What's downplayed in Amistad is the extent to which the Africans' trials were a crucible for the nation's attitudes toward slavery. Supporters of the Africans were careful to avoid the fire-and-brimstone trappings of abolitionism, hoping to bring moderates to the cause through a concerted appeal to moral decency. The timing was right. As Howard Jones writes in his superb, densely detailed Mutiny on the Amistad, "Cinque and his companions could not have known, but... the nation was experiencing a widespread reform movement that, on the surface at least, exalted the common man and emphasized equality of opportunity."
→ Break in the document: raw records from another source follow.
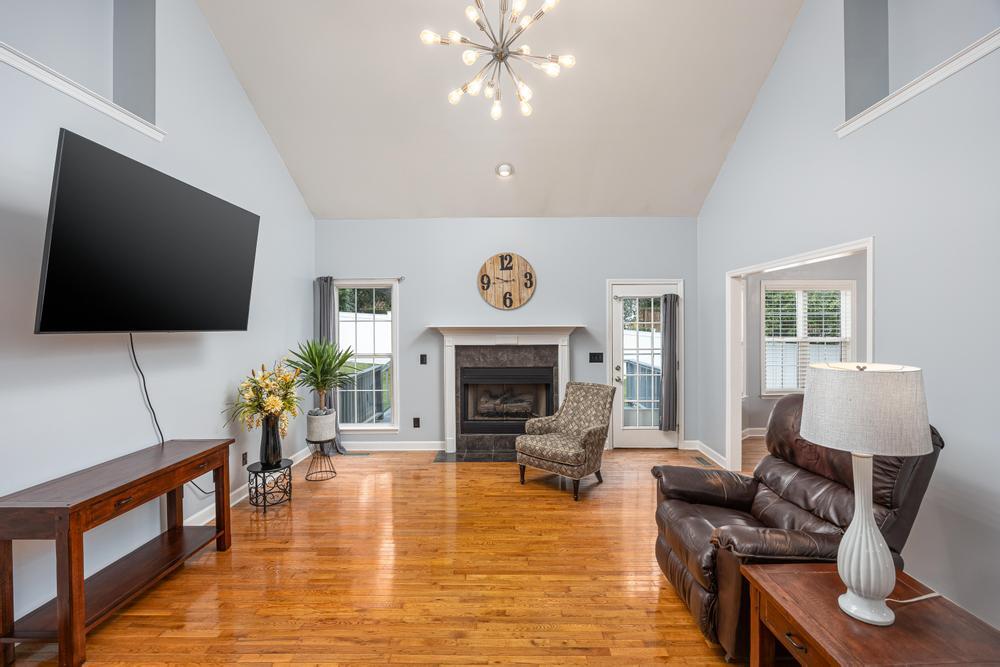 4845 Waverly Court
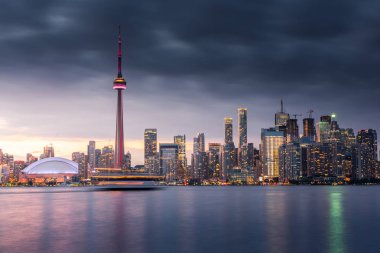Toronto şehri yazın ufuk çizgisi, Toronto, Kanada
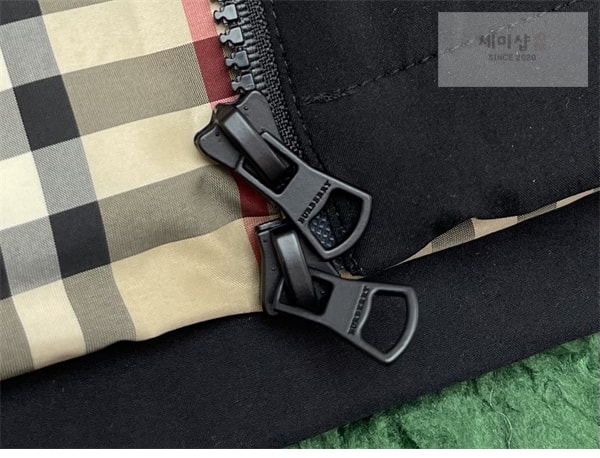 Burberry 버버리 Pailton 패커블 후드 다운 패딩 자켓 의류 12번 이미지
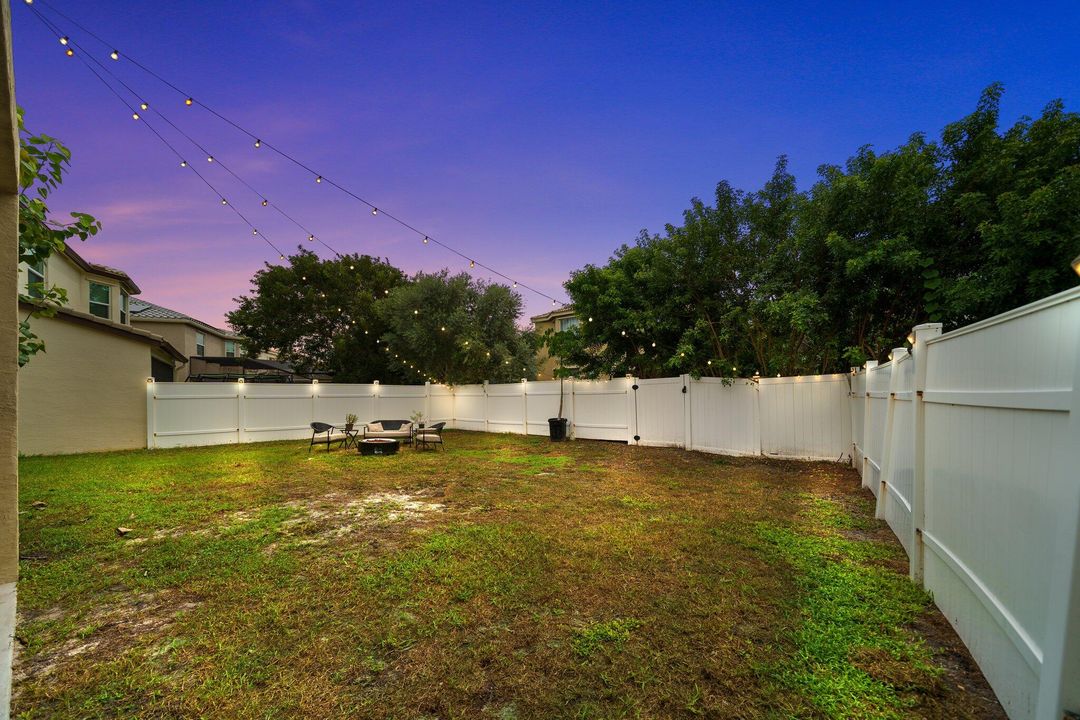 For Sale: $655,000 (5 beds, 2 baths, 2888 Square Feet)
The Africans were an ideal test case for trying out abolitionist sentiments because, shackled, they posed no real threat; there were even three young girls among them. They didn't want to overrun the United States -- they merely wanted their freedom to return to Africa. The lack of threat allowed antislavery sympathizers to feel both virtuous and paternalistic.
Spielberg tries mightily to avoid seeming paternalistic in Amistad by introducing the character of Freeman's Joadson, who unfortunately is given almost nothing to do except stand around and be black. (It's a waste of a great actor.) Most of the white characters, even the Africans' defenders, seem in varying degrees craven and compromised. Tappan, for example, is revealed as a closet racist when he ponders the notion of martyring the Africans to help the cause. Baldwin is played (in too modern a fashion) by McConaughey as an opportunist with granny glasses, which is rather a slur on the actual Baldwin, a staunch antislavery advocate right out of law school who, according to Jones, in 1831 had confronted an angry mob resisting his attempt to build a black training school near what was then known as Yale College.
On the other side, Van Buren, no supporter of the Africans, is rendered daffily: He is last seen in defeat, his sideburns tufted and his eyes vacant, tuning his harp with a tiny, tinkly bell.
Even Adams, for all his creaky dignity, is padded out with silly bits of business -- like tending to his prize African violets. (Get it?) It wouldn't do to show Adams from the start as a man of unwavering principle: First we must see him reject the abolitionists' repeated pleas to enter the fray. Adams in reality was a trusted advisor from the start, and his reluctance to fully join in had mostly to do with his infirmities. In Amistad his crotchety coyness has an unintended effect on us: It looks as if he waited out the Africans' cause until it entered the big time -- the Supreme Court -- implying he's an opportunist, too.
Adams' big speech before the high court gives Hopkins a fine hammy opportunity, and he delivers. (Forty years ago the role would have gone to Spencer Tracy.) It's an effective scene but also somewhat dishonest: Adams invokes the Founding Fathers in his antislavery spiel without remarking that many of them were also slave owners. We're not meant to notice the omission. In civics-lesson movies the first casualty is irony.
Cinque and the other Africans are ennobled; their (subtitled) speech, their chants, their rituals, are far more passionate than the prattle of the whites. Although Spielberg shows how Africans themselves participated in the slave trade, he still pushes the notion that Cinque and his band are representative of a more wholly spiritual and evolved human being. (Hounsou, with his large presence and rich-grained voice, looks the part of a native prince.) When the Africans' lower-court victory is overturned, Cinque can't understand why the white American system of justice "almost works." He wails, "What kind of place is this?" Did no one in his homeland ever welsh on a deal?
In a way Spielberg is attempting to cast himself as the modern-day avatar of the white reformers in his movie. He, too, exalts "the common man." He may see it as his mission now, after Schindler's List, to use his unprecedented power in Hollywood to redress grievous wrongs and make the world a better place. (That is, when he's not making thrill-ride movies.) It's an admirable impulse, but it's the impulse of a politician, not an artist, though the two occasionally coincide.